» **Brief descriptive captions**:
============================================================

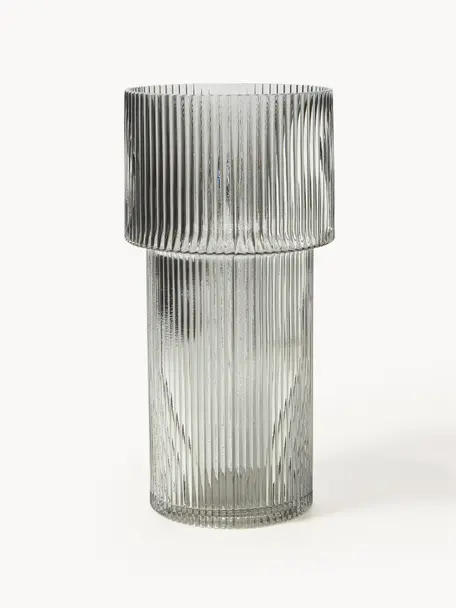 Glas-Vase Lija mit geriffelter Oberfläche, H 30 cm, Glas, Grau, Ø 14 x H 30 cm
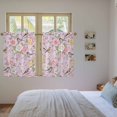 thumbnail image 3 of Pink Spring Floral Kitchen Curtain for Berdoom Living Room Cafe 45 Inch Length, Elegant Farmhouse Flowers Birds Watercolor Tiers Curtains Light Filtering Drapes Window Treatment 2 Panels 52"Wx45"L, 3 of 8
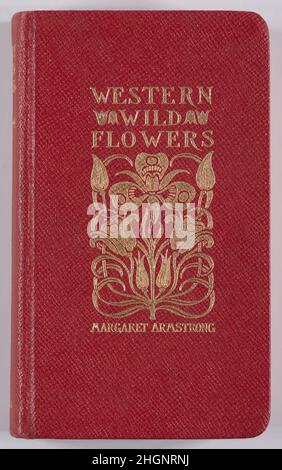 Field Book of Western Wild Flowers, avec cinq cents illustrations en noir et blanc,Et quarante-huit plaques de couleur tirées de la nature par l'auteur 1915 Margaret Neilson Armstrong 'non signé Margaret Armstrong reliure design de l'or stylisé fleurs sauvages sur rouge maroc cuir grainé tissus flexibles avec des bords pigmentés orange.Comprend 500 illustrations en noir et blanc et 48 illustrations en couleur de Miss Armstrong.Conçu, recherché, écrit (Thornber a agi comme un auteur consultant) et illustré par Miss Armstrong, le Field Book of Western Wild Flowers a été le premier champ gui Banque D'Images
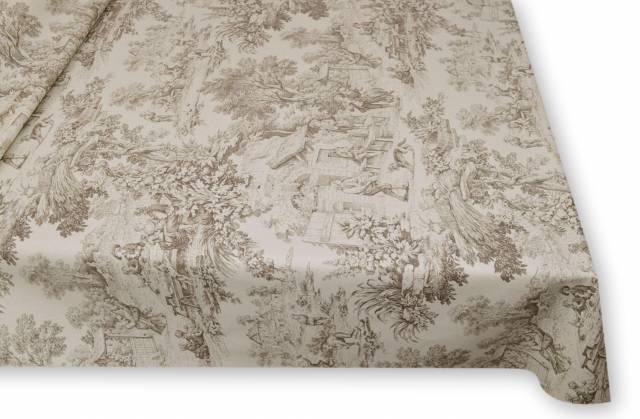 Vendita on line tessuto antimacchia puro cotone toile de jouy beige - cotoni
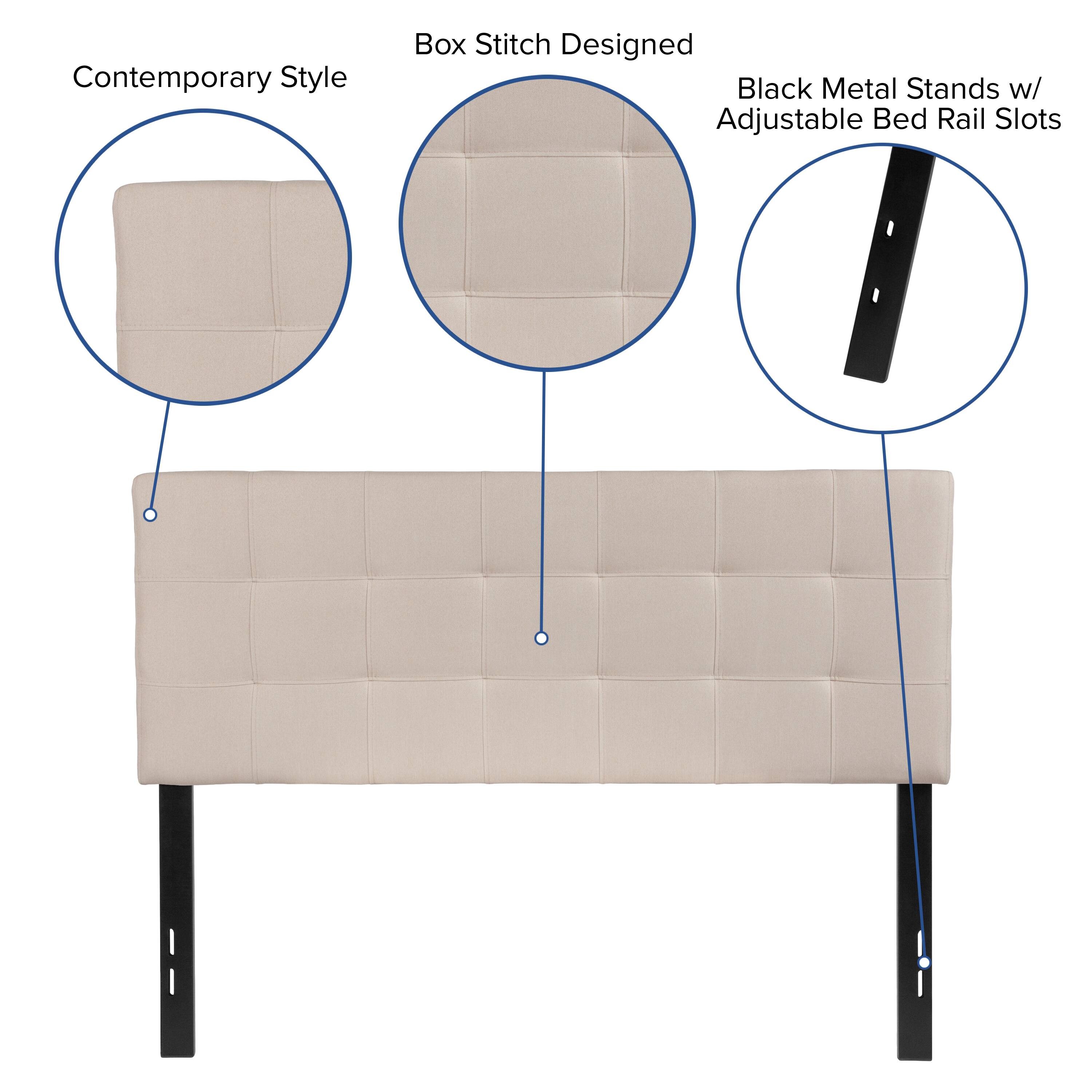 Contemporary Style Box Stitch Designed Black Metal Stands w/ Adjustable Bed Rail Slots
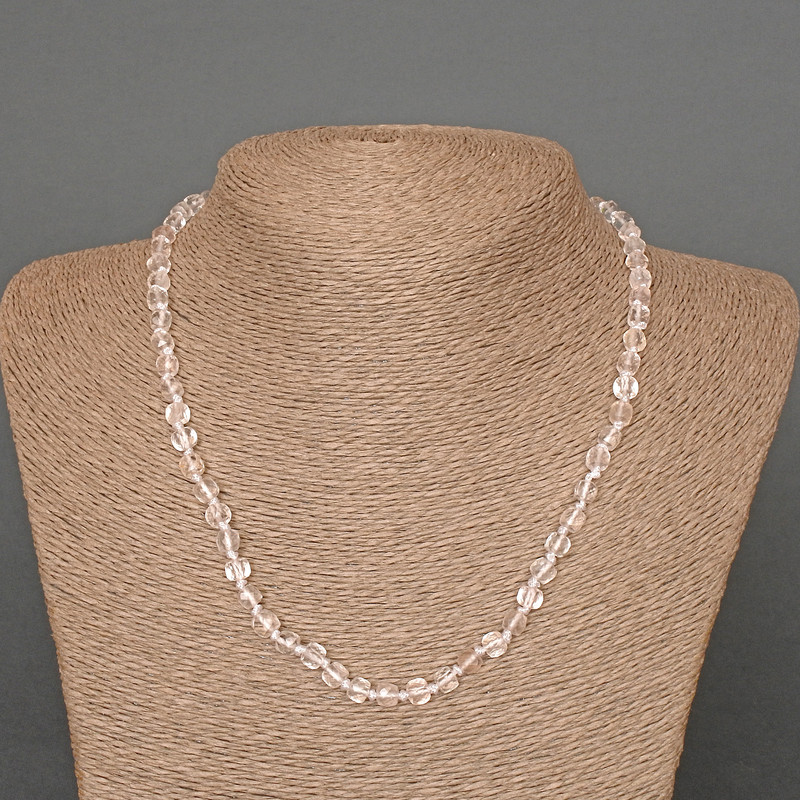 Rock Crystal Necklace, Natural Stone Faceted Cube, Diameter 5mm+/-, Length 47cm+
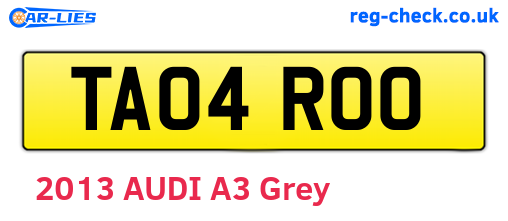 TA04ROO are the vehicle registration plates.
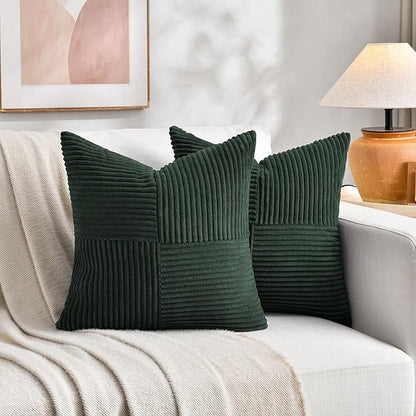 Fancy Homi Set of 2 Dark Green Samll Decorative Throw Pillow Covers 14x14 Inch - Image 5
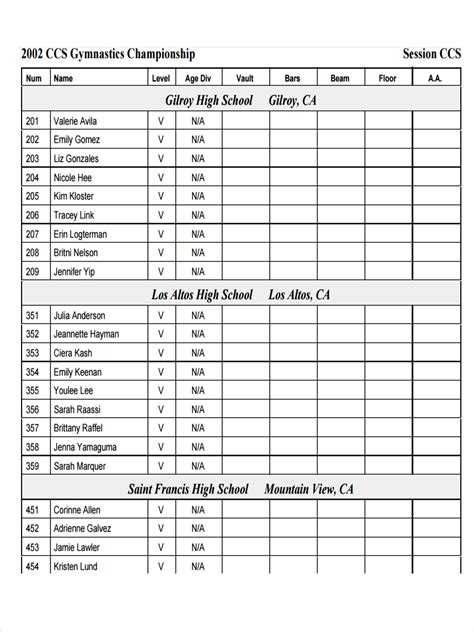 Tally Sheet Template
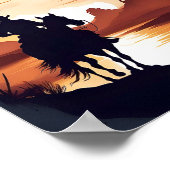 砂漠のポストの乗馬のカウボーイのシルエット ポスター (角)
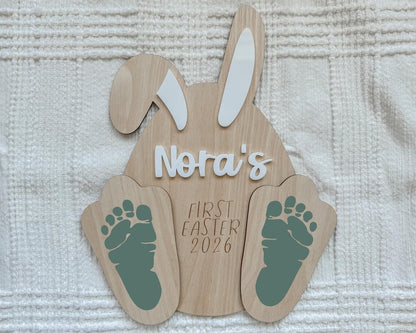 Baby’s First Easter Footprint Keepsake Bunny Plaque | Personalized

============================================================

» **WHAT THE TASK ASKS**: Return only the lines that start at the line containing "Fancy Homi Set" and finish at the last line of the entries, exactly as written and without pictures.

» **ANSWER BOX**:
 Fancy Homi Set of 2 Dark Green Samll Decorative Throw Pillow Covers 14x14 Inch - Image 5
 Tally Sheet Template
 砂漠のポストの乗馬のカウボーイのシルエット ポスター (角)
 Baby’s First Easter Footprint Keepsake Bunny Plaque | Personalized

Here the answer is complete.